Required action — From the records below, transcribe exactly the lines that begin at the line with "Gelatin hydrolysis test" and end at the line with "This combination of", both included.

[Saved data entries]
=======
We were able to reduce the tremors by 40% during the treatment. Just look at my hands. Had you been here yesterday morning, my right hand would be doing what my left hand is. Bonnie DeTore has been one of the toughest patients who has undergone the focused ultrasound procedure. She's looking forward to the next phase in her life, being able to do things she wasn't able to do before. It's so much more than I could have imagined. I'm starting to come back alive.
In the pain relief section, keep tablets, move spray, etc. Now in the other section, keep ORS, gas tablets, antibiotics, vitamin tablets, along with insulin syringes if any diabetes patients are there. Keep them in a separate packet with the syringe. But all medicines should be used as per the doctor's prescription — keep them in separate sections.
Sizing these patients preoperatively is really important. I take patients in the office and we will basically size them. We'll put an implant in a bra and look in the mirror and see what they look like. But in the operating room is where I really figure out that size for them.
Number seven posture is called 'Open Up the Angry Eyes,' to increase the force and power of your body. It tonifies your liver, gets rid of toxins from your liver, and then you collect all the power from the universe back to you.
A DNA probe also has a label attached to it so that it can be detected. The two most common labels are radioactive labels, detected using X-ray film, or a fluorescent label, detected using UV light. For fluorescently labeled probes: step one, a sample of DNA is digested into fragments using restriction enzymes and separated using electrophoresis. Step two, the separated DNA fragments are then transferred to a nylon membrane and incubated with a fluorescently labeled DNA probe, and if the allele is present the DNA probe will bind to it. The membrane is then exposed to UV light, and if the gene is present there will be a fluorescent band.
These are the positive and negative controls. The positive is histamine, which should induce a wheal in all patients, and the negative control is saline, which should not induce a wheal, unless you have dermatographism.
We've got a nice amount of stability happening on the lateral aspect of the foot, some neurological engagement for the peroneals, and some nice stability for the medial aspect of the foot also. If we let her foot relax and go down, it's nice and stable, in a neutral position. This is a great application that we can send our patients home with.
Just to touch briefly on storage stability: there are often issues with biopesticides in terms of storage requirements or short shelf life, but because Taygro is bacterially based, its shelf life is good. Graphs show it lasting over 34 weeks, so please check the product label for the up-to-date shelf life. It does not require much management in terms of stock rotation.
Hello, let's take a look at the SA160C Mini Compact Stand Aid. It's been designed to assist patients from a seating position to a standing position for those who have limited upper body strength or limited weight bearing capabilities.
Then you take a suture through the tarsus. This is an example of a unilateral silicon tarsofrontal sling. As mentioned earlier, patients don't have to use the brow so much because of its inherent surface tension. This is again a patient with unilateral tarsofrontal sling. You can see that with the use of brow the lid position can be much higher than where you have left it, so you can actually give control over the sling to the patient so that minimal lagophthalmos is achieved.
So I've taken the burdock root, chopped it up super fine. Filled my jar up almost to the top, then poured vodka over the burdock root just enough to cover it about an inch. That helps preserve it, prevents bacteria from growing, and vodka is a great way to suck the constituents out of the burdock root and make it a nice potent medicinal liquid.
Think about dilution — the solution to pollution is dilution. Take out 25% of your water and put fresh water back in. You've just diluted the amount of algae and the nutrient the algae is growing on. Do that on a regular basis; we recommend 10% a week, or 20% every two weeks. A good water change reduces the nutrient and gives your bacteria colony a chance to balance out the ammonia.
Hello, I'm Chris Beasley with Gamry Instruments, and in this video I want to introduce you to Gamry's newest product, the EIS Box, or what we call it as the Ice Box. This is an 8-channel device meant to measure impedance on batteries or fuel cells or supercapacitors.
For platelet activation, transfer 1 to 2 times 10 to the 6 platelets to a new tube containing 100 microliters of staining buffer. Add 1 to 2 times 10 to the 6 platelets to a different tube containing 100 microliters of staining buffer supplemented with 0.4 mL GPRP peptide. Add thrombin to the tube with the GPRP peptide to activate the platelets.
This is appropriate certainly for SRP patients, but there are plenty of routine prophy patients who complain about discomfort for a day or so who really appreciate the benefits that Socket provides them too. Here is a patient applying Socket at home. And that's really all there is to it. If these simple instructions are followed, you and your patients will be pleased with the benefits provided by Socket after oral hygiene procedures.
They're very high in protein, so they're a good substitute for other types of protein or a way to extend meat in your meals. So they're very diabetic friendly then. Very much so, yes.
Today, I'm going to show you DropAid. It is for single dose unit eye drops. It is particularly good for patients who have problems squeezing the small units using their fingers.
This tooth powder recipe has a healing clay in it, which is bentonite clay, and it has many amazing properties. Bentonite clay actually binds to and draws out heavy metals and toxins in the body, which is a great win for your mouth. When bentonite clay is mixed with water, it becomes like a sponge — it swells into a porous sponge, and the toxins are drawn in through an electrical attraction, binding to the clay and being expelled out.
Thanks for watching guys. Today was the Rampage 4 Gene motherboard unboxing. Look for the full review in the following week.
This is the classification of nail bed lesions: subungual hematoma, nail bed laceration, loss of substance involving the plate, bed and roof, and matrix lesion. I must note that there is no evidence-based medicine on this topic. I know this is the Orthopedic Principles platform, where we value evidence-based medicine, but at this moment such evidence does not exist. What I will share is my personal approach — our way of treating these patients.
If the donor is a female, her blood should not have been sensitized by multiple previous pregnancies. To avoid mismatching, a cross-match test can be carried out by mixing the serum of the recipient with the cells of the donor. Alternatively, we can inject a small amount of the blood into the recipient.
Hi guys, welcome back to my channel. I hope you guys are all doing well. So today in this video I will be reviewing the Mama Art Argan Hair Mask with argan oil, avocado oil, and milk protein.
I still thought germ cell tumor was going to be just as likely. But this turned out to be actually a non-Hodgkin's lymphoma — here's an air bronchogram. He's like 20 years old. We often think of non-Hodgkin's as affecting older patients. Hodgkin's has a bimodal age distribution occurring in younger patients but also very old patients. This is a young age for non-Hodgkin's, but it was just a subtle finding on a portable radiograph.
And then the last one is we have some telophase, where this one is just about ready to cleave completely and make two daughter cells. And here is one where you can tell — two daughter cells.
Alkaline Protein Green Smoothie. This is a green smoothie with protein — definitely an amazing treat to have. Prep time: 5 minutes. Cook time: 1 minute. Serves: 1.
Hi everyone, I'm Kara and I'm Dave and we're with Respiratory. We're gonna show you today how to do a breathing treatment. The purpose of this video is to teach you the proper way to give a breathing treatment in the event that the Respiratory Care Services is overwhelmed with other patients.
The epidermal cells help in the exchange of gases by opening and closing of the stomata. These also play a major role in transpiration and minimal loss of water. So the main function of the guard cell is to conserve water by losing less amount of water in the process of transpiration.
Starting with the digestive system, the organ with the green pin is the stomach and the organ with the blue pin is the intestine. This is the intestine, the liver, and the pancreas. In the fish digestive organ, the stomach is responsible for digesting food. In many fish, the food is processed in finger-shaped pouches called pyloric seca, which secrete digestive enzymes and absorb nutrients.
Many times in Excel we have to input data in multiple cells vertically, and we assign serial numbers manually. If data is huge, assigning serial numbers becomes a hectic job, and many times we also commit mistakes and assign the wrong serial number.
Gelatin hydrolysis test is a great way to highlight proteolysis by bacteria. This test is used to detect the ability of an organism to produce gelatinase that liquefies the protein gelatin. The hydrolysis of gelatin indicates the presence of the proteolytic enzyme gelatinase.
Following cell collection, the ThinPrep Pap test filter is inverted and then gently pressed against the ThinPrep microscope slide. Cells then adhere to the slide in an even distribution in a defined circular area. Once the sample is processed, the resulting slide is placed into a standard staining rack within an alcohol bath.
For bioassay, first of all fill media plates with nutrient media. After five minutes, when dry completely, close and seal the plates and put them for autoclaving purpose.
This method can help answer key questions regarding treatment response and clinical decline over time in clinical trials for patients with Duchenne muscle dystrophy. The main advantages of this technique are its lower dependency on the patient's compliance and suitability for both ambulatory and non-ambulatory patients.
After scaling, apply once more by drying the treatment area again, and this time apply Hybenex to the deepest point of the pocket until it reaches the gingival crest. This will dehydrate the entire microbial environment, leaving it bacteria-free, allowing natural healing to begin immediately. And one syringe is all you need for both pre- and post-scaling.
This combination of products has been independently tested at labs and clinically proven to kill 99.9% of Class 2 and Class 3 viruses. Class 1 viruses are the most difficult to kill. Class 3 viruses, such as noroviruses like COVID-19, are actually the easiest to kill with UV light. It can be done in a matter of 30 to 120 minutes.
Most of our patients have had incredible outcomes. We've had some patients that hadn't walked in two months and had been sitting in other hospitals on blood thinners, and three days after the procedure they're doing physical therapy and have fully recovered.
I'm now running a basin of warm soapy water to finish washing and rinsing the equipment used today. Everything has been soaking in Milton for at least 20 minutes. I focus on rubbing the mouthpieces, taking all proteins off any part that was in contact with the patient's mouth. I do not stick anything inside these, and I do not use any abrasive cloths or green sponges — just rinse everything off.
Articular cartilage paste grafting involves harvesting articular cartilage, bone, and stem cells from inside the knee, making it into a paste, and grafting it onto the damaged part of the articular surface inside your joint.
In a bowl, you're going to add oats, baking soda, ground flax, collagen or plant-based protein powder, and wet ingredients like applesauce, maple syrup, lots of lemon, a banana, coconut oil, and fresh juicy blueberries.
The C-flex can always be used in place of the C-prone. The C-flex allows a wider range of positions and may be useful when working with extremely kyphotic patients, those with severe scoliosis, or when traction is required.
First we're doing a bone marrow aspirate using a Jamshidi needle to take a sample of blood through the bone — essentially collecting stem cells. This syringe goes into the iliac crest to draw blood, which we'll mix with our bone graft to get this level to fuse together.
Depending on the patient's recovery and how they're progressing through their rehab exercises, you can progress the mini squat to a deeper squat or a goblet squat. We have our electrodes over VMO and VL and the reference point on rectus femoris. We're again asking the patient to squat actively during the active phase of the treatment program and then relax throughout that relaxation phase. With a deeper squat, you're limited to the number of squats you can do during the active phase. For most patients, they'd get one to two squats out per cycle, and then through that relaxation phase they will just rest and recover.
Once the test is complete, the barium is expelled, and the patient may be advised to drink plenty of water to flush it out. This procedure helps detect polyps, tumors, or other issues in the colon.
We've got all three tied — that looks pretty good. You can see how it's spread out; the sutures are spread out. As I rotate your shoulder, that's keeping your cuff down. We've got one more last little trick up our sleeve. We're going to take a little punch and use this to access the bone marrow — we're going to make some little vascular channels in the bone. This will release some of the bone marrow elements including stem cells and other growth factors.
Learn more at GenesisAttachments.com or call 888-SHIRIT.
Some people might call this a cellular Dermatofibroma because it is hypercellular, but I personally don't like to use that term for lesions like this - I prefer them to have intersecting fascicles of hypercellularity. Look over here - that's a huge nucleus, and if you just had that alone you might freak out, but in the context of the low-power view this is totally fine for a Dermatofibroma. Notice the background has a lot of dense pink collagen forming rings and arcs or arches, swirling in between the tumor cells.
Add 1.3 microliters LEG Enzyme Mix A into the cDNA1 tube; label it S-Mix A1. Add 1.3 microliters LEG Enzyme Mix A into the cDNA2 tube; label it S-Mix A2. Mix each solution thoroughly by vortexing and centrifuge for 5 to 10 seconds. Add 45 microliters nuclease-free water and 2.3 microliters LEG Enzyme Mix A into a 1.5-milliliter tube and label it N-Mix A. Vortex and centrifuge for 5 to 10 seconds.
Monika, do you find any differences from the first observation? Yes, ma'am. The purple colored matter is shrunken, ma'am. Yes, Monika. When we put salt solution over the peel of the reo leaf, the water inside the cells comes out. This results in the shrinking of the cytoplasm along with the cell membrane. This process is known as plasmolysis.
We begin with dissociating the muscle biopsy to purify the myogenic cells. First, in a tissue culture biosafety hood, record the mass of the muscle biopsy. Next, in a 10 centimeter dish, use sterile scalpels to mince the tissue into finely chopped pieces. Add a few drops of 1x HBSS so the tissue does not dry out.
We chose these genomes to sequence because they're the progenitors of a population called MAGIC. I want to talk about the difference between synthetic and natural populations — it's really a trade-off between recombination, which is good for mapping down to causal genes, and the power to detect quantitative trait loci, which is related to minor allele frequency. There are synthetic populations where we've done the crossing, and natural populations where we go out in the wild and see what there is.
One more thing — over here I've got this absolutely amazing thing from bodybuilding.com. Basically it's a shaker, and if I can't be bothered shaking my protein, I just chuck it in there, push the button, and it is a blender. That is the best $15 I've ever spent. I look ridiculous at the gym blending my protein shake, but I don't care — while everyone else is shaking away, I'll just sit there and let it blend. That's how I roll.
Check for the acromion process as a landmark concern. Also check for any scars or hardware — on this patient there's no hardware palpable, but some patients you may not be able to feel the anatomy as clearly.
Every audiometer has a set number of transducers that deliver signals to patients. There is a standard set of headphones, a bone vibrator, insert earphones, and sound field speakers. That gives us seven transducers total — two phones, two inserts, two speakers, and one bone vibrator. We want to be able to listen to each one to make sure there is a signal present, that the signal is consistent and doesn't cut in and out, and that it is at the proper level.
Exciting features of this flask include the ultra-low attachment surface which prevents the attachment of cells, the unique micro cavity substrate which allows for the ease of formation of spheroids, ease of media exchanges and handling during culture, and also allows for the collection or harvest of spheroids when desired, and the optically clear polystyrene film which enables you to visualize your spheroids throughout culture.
=======
Expected output —
Gelatin hydrolysis test is a great way to highlight proteolysis by bacteria. This test is used to detect the ability of an organism to produce gelatinase that liquefies the protein gelatin. The hydrolysis of gelatin indicates the presence of the proteolytic enzyme gelatinase.
Following cell collection, the ThinPrep Pap test filter is inverted and then gently pressed against the ThinPrep microscope slide. Cells then adhere to the slide in an even distribution in a defined circular area. Once the sample is processed, the resulting slide is placed into a standard staining rack within an alcohol bath.
For bioassay, first of all fill media plates with nutrient media. After five minutes, when dry completely, close and seal the plates and put them for autoclaving purpose.
This method can help answer key questions regarding treatment response and clinical decline over time in clinical trials for patients with Duchenne muscle dystrophy. The main advantages of this technique are its lower dependency on the patient's compliance and suitability for both ambulatory and non-ambulatory patients.
After scaling, apply once more by drying the treatment area again, and this time apply Hybenex to the deepest point of the pocket until it reaches the gingival crest. This will dehydrate the entire microbial environment, leaving it bacteria-free, allowing natural healing to begin immediately. And one syringe is all you need for both pre- and post-scaling.
This combination of products has been independently tested at labs and clinically proven to kill 99.9% of Class 2 and Class 3 viruses. Class 1 viruses are the most difficult to kill. Class 3 viruses, such as noroviruses like COVID-19, are actually the easiest to kill with UV light. It can be done in a matter of 30 to 120 minutes.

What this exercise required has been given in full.